Day 2 – Recording Rarities

Lesser Yellowlegs by me, but taken in Canada when our cruise was diverted in 2023

Before breakfast Jane and I got up early and went up the beach. It’s really pleasant walking alongside the surf before it gets crowded. When I approached the lagoon I realised my camera was ‘on’. Given I’d not turned it on that meant it was on overnight, and therefore not on. Bugger, well at least there wasn’t likely to be anything new in to see.

Except there was. A Lesser Yellowlegs, an American wader, was at the seaward end of the pool. If the camera was working I’d have had nice shots. As it was I had to use my phone to record the call, which is a bit of a lottery. On this occasion it worked well and you can hear the results here, along with a cringing mobile phone picture if you read this blog before I remove that for reasons that will become clear when we get to Day 4.

/https://ebird.org/checklist/S278912283

Lesser Yellowlegs aren’t ‘rare rare’ on Cape Verde, but they are certainly scarce and worth documenting. The eBird situation is currently a bit of a mess though.

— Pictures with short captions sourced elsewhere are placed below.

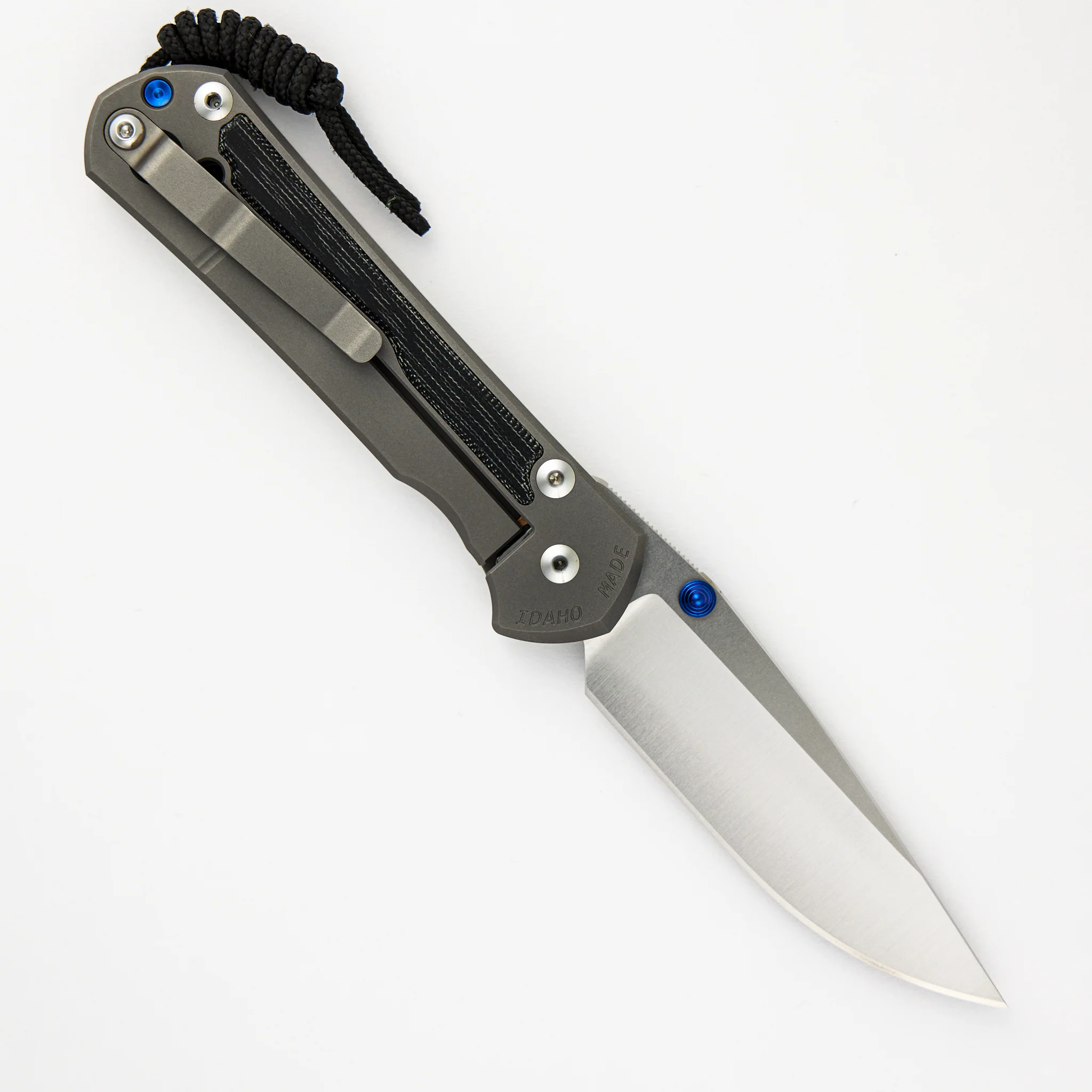 Large Sebenza 31 - Black Canvas Micarta Inlay - Polished Drop Point CPM MagnaCut Blade - Blue Double Thumb Lugs - Image 2
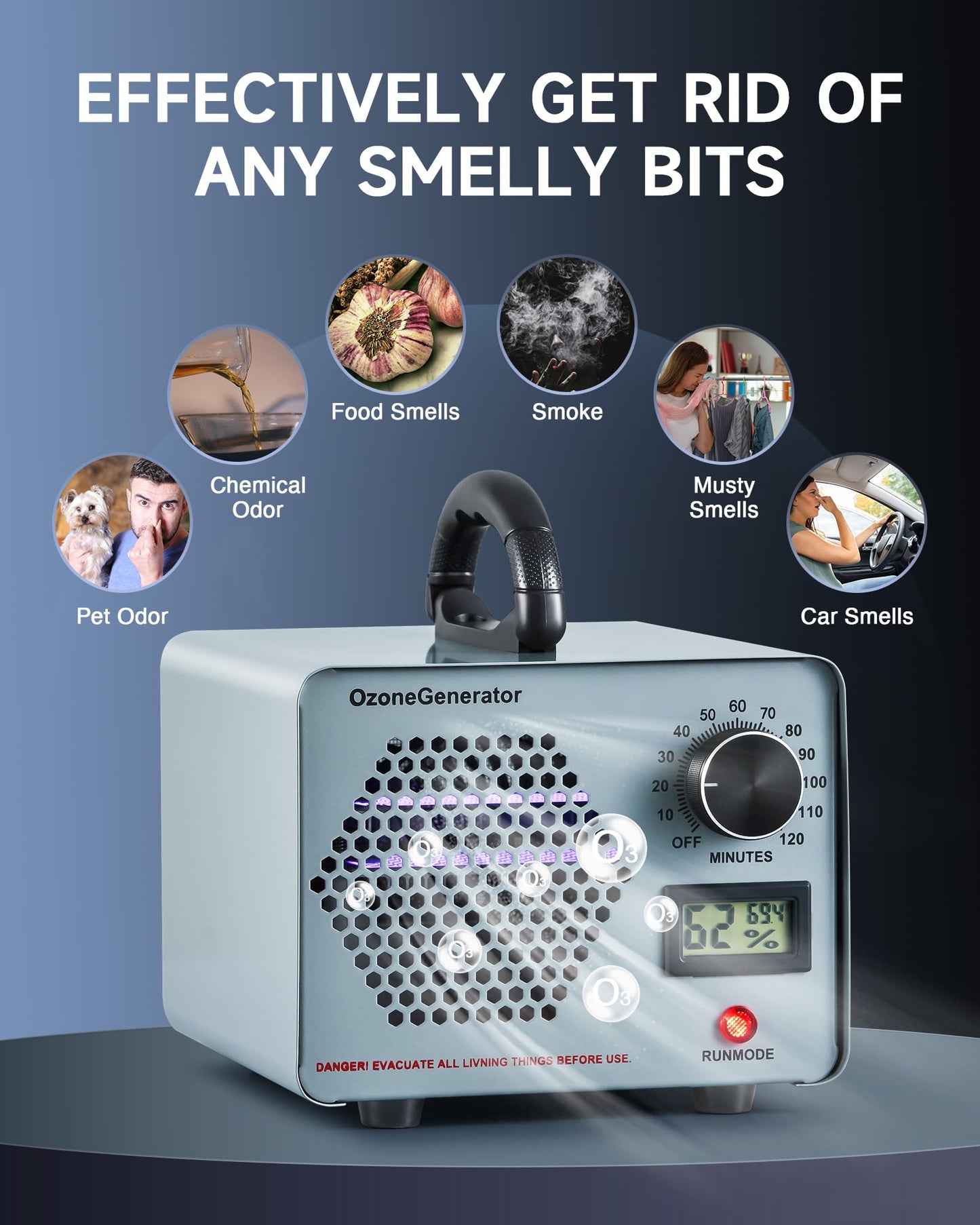 CREWORKS Ozone Generator, 25000 mg/h High Capacity Ozone Machine for Car Home Smoke Pet Odor Removal, Commercial Ozone Odor Eliminator Air Purifier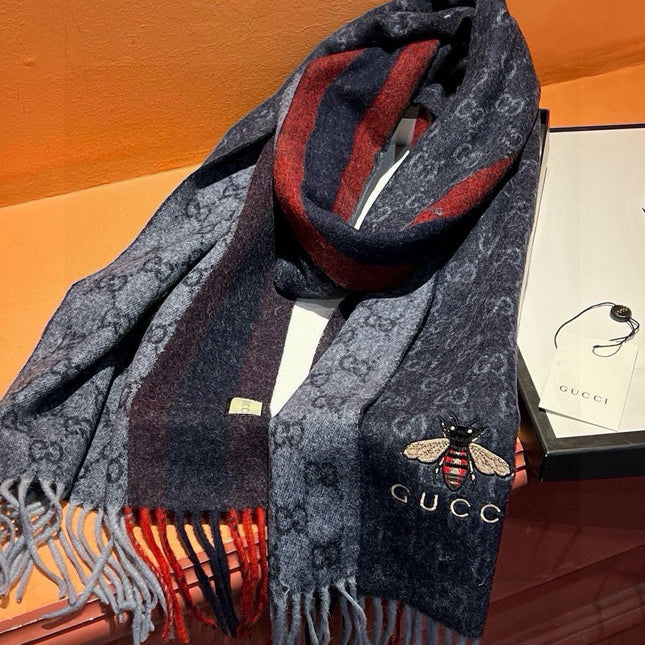 SCARF 180 CM IN NAVY BLUE CASHMERE WITH BEE PATTERN 396476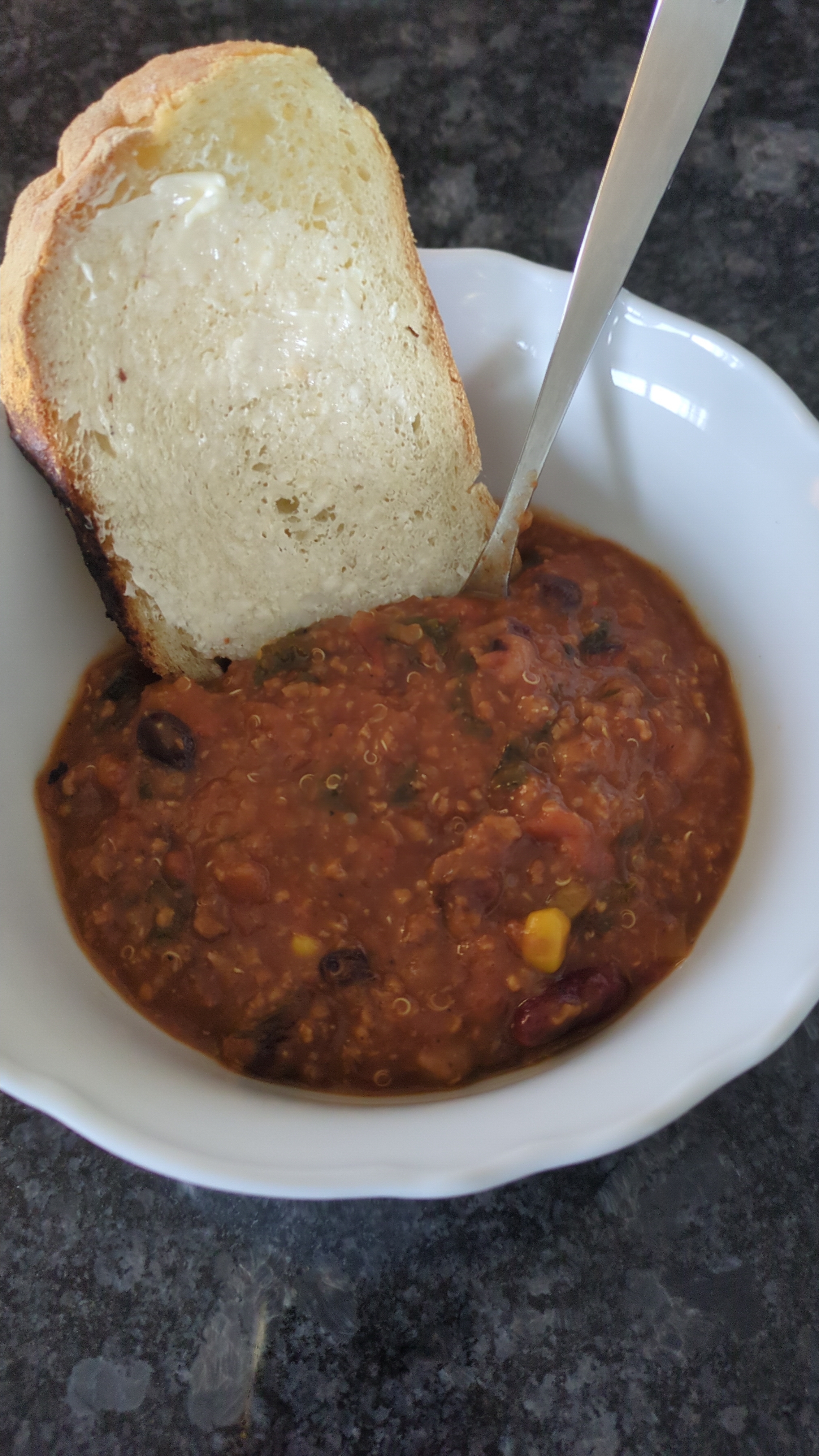 bean chilli and homemade bread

It’s classed as a rarity, so you need to submit extra details for it to get validated. It’s then not validated and it sits in limbo whilst everything else you see that day is cheerily validated on the system. I’m not the only person frustrated by this anomaly, and hopefully it will get sorted soon.

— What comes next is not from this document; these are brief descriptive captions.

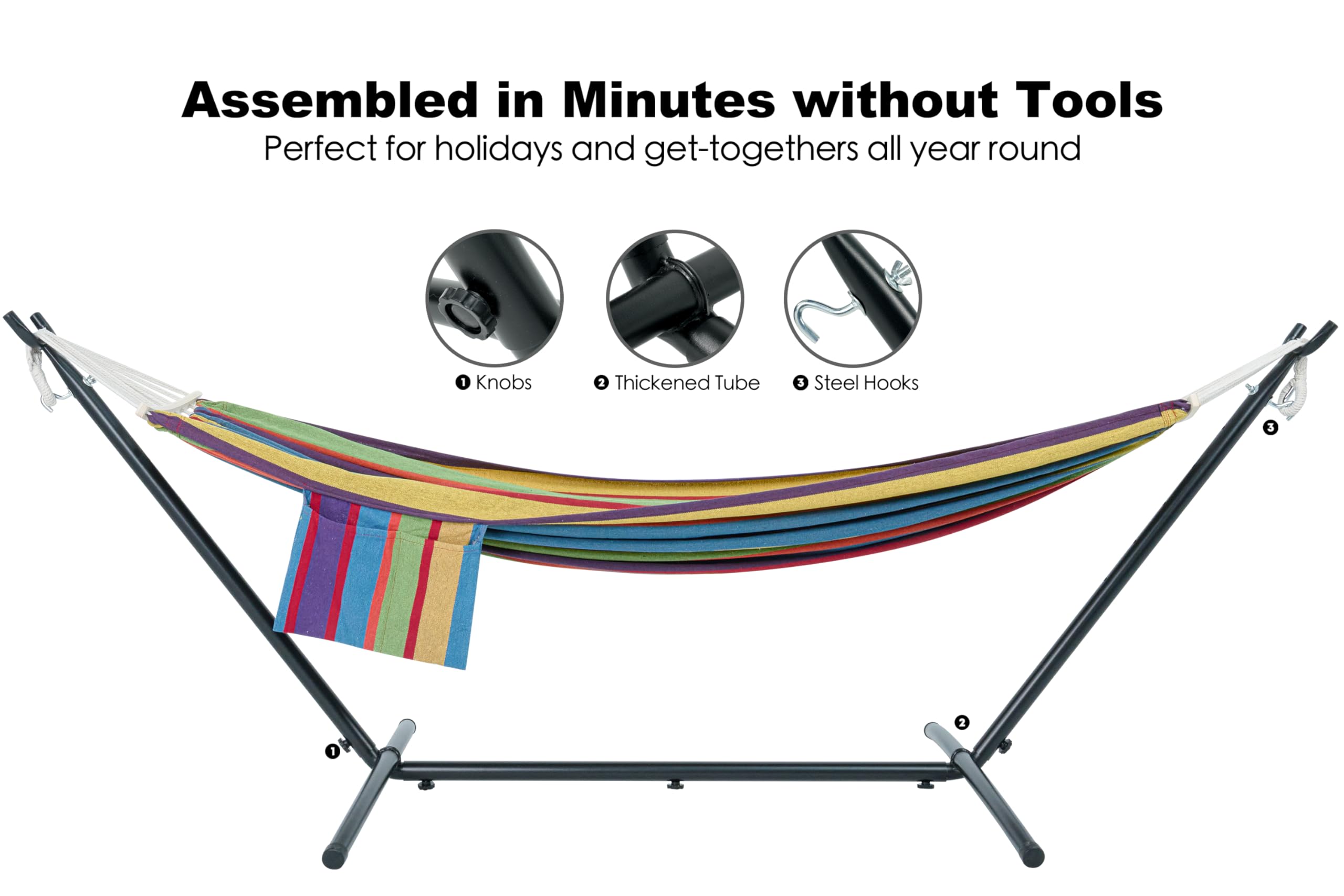 GAFETE Double Hammock with Stand | 2-Person | 600 lb Capacity | Indoor & Outdoor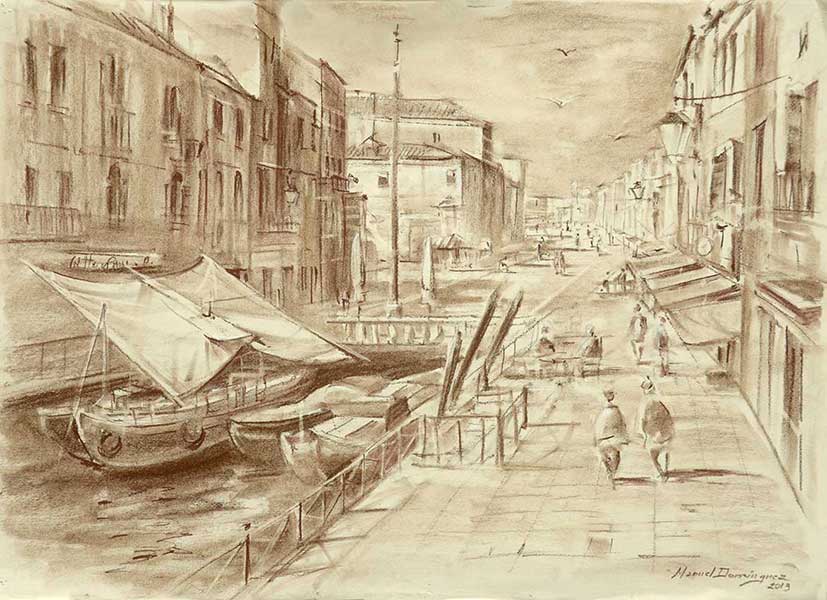  Venice. Drawing. Manuel Domínguez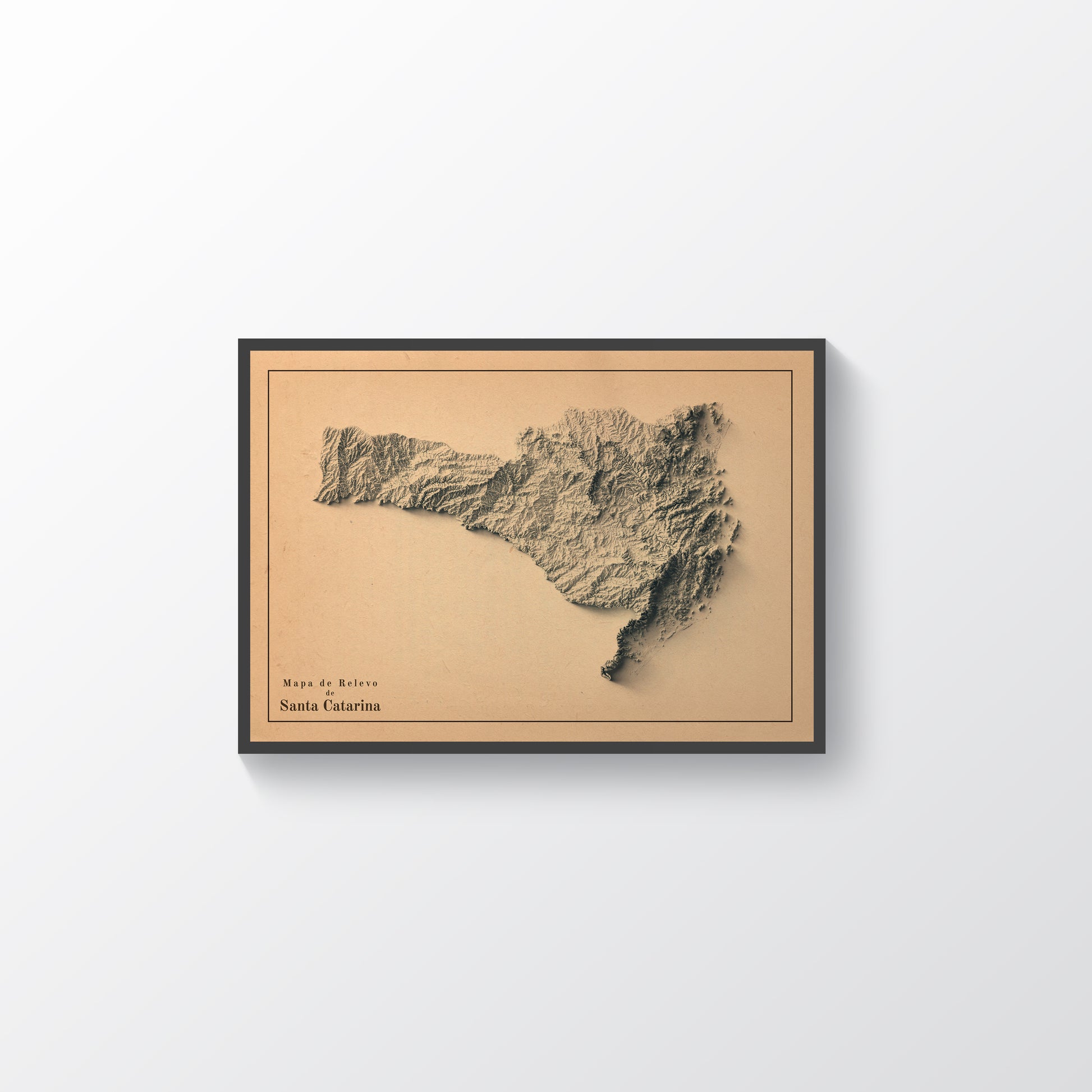 Santa Catarina vintage framed shaded relief map in black frame. Artistic print highlighting mountains with a realistic terrain effect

Anyway it was pleasing to get something on the board in terms of good birds. When we returned in the evening with a charge camera there was no sign of it. On the way back the Brown Boobies were however putting on a superb show fishing between swimming tourist. I even managed to catch one mid-dive.

We need the Gannets that regularly pass close in off Blackpool to do this sort of thing. It would get a lot of tourists more interested in the local seabirds.